Jonghan Ko holds an Associate Professor position at Chonnam National University, Gwangju, South Korea. He is a Crop Modeler and Agricultural Remote Sensing Researcher. His research fields include agronomic applications of crop modeling techniques, quantitative agricultural remote sensing and environmental crop ecology. He was awarded a PhD degree in Agronomy at Texas Tech University, Lubbock, Texas, the USA with a dissertation topic entitled: Development of a cotton crop model that uses remote sensing data in 2004. He received both Bachelor’s and Master’s degrees in Agronomy at Kangwon National University, Chuncheon, South Korea in 1995 and 1998, respectively.

Abstract

Satellite images are promising scientific tools for monitoring of inaccessible crop lands, a design of decision support systems and other practical applications that may require remote sensing information. Crop models are useful tools to continuously monitor and simulate information on the crop growth and crop productivity. Combining these approaches, one can provide adequate and continuous monitoring of region wide crop productivity. This study aims to simulate the productivity of paddy - Oryza sativa and the yield of all paddy fields in Korea using a grid crop model combined with satellite imageries. Vegetation Indices and solar insolation data were obtained from the geostationary ocean color imager and the meteorological imager sensors of the communication ocean and meteorological satellite. Reanalysis data of air temperature were collected from the korea local analysis and prediction system. The model was calibrated to simulate rice yields using data obtained from 11 countries and applied to 62 countries with an area of more than 5,000 ha in South Korea for four years from 2011 to 2014. Simulated rice yields were in statistically acceptable agreement with the observed data with a range of model efficiency from -0.21 to 0.55 and a variety of root mean square error from 0.33 to 0.44 ton ha^-1, respectively.
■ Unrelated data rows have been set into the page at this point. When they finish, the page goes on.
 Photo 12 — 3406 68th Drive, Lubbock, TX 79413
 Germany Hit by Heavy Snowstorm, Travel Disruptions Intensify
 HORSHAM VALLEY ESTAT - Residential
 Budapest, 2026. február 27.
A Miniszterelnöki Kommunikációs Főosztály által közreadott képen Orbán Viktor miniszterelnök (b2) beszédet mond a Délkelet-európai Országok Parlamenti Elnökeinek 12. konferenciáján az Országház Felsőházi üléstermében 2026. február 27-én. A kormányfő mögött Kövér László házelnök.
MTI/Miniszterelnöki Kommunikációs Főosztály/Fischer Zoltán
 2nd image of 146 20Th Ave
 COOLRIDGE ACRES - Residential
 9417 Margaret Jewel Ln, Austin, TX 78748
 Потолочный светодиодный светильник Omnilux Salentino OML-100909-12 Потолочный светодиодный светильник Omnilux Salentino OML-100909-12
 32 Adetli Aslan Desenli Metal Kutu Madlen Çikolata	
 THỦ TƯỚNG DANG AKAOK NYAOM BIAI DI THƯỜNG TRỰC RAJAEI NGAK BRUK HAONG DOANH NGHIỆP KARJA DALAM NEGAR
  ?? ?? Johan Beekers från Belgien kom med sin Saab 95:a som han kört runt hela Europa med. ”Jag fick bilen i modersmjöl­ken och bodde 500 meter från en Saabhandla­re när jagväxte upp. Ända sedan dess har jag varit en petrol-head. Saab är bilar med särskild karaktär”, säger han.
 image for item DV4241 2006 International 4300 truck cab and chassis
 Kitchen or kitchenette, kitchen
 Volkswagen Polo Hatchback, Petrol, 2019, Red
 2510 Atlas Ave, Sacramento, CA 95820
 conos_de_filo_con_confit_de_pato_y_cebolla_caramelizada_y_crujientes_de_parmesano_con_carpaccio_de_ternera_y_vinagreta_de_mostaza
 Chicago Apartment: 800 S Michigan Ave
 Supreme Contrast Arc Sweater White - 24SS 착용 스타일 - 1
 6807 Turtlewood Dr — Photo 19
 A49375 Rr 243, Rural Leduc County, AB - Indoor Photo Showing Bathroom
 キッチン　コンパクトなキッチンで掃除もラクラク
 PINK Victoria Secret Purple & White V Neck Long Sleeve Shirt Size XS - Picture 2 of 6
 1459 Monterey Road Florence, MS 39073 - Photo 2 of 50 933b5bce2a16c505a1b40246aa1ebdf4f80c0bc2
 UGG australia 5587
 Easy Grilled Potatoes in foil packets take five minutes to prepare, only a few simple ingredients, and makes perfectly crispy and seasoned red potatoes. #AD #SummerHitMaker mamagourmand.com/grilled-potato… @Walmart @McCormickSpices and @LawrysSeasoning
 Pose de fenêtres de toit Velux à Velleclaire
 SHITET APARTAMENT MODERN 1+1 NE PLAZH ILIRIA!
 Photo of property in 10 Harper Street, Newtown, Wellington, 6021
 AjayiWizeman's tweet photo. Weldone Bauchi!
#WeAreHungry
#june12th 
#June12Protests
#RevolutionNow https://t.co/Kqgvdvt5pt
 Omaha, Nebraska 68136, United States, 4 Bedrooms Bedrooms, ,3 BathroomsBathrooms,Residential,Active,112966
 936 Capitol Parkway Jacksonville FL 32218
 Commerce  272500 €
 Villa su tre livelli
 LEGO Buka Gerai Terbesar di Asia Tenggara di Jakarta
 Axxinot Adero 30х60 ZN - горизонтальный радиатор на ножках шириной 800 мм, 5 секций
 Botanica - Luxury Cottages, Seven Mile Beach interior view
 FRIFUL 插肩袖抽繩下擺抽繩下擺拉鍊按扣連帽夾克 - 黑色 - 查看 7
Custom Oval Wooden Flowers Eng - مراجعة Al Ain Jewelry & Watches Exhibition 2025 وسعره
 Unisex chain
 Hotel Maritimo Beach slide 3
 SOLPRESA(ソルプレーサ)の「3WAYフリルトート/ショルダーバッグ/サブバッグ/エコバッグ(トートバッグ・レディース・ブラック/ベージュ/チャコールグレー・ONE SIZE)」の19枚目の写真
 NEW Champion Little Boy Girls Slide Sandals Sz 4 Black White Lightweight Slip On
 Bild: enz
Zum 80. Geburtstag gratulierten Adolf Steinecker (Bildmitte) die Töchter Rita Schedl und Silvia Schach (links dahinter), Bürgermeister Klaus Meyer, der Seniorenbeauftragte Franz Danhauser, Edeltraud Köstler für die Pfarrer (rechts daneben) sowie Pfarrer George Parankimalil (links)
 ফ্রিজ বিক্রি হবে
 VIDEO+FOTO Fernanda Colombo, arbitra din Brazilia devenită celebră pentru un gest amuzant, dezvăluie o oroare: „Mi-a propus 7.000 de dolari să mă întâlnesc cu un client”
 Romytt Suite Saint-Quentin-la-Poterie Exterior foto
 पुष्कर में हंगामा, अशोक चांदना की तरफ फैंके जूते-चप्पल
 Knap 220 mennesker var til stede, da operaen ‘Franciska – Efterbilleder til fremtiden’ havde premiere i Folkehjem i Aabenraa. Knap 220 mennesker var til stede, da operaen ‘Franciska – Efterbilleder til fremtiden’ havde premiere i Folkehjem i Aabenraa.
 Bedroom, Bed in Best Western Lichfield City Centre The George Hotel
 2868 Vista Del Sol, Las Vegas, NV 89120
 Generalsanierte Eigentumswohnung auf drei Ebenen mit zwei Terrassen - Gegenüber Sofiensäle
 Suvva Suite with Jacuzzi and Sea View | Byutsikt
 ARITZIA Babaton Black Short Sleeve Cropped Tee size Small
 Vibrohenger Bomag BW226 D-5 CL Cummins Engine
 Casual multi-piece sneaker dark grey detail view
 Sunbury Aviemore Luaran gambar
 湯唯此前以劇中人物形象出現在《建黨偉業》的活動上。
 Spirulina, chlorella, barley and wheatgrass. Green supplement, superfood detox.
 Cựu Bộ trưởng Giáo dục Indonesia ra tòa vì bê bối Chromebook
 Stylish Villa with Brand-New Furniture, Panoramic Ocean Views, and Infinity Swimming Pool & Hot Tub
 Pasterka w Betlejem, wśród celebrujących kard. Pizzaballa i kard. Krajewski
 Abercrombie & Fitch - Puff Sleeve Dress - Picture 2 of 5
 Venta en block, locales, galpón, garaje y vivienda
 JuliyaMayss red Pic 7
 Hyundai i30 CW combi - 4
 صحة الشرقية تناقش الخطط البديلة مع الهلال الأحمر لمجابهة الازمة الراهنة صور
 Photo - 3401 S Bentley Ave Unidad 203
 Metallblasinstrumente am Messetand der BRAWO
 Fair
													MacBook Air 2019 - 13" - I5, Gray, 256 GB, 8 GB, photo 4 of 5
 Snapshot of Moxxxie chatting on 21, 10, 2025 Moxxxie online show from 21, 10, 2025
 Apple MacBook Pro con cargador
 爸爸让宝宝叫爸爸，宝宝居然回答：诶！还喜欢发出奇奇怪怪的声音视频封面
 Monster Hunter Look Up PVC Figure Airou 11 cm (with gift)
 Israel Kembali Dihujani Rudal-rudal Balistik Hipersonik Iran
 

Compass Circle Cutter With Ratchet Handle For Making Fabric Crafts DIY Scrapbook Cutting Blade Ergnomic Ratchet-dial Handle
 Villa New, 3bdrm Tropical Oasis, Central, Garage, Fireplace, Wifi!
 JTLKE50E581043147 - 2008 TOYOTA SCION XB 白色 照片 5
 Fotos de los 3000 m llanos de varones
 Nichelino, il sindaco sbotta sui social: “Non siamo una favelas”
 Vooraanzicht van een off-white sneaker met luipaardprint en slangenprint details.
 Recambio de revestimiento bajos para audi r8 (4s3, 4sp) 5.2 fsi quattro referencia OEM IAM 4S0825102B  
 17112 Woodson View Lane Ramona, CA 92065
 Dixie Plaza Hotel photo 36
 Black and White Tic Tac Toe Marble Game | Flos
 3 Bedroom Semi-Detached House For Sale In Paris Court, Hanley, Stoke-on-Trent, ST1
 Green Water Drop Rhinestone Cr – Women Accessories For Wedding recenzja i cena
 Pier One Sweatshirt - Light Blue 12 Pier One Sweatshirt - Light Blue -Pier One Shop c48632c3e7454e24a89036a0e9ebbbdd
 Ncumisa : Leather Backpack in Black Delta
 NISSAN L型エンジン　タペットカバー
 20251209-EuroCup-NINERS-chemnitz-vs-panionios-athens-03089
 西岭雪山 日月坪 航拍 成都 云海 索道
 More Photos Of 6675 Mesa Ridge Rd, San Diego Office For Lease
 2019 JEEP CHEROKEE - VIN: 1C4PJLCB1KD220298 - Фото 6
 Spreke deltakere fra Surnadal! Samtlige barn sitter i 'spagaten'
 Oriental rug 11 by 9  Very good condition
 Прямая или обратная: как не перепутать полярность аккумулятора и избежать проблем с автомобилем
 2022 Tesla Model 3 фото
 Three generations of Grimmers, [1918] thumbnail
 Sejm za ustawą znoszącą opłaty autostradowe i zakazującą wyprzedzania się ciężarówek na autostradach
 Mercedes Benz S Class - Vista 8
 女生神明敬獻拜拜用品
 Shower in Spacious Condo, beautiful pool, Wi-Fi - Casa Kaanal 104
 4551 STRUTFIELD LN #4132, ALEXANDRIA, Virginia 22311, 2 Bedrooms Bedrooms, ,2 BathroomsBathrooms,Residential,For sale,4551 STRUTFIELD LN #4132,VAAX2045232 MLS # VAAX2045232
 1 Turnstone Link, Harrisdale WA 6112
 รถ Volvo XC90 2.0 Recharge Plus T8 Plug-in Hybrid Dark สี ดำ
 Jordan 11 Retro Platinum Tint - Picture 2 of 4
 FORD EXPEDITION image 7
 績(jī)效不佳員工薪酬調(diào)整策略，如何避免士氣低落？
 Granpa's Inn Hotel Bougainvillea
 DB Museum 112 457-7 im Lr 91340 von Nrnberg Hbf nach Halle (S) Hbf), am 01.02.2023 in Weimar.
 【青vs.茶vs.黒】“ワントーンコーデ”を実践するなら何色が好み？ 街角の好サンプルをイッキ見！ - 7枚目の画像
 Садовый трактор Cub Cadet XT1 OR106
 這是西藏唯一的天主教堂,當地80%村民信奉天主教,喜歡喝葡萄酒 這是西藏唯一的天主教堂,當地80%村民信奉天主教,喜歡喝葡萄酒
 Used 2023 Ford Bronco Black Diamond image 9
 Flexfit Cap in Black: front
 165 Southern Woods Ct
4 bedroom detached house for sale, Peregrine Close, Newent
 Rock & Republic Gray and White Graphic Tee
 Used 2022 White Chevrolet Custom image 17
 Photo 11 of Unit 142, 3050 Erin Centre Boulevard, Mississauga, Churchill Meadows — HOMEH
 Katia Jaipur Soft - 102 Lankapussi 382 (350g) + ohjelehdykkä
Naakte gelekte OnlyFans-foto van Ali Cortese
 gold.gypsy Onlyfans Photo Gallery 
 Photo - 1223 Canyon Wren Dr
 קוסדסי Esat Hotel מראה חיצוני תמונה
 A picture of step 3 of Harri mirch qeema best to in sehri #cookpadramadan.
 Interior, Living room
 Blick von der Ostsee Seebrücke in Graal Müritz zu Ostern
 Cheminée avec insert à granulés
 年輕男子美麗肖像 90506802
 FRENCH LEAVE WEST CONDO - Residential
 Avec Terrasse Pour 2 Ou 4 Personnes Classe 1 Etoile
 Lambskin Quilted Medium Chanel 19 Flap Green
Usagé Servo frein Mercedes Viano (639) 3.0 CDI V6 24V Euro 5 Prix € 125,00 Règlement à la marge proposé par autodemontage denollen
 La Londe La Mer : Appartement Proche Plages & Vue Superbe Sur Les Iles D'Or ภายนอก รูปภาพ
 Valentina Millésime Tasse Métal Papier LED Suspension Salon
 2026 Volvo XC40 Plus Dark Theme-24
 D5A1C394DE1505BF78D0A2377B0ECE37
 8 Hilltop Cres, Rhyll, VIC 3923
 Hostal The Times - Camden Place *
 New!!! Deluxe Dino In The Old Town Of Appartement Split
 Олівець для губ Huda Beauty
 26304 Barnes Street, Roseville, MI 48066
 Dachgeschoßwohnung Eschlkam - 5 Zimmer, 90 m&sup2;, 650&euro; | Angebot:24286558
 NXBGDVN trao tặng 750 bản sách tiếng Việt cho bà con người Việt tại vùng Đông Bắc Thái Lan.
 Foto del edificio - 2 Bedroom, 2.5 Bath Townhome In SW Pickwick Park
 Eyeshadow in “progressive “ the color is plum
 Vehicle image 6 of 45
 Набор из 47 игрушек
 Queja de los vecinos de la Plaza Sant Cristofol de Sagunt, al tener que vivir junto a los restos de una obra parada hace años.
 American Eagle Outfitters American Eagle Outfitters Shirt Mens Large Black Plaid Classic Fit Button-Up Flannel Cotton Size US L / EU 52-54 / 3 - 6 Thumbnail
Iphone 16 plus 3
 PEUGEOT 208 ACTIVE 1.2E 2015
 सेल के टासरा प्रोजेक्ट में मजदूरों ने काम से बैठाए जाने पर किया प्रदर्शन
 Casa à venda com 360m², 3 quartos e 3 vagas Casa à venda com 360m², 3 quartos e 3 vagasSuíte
In the inaccessible North Korea (NK) for the same period, rice yields were well reproduced upon calibration of the model on 500 m grid paddy fields in Cheorwon as well as verification of the simulation performance accuracy for Cheorwon and Paju, located at the borders of NK. Results show that the paddy productivities were reproduced with reasonable accuracy. The study demonstrates that incorporating a crop model with satellite images can be utilized as a reliable technique for monitoring of crop productivity, particularly in remote, data-sparse regions.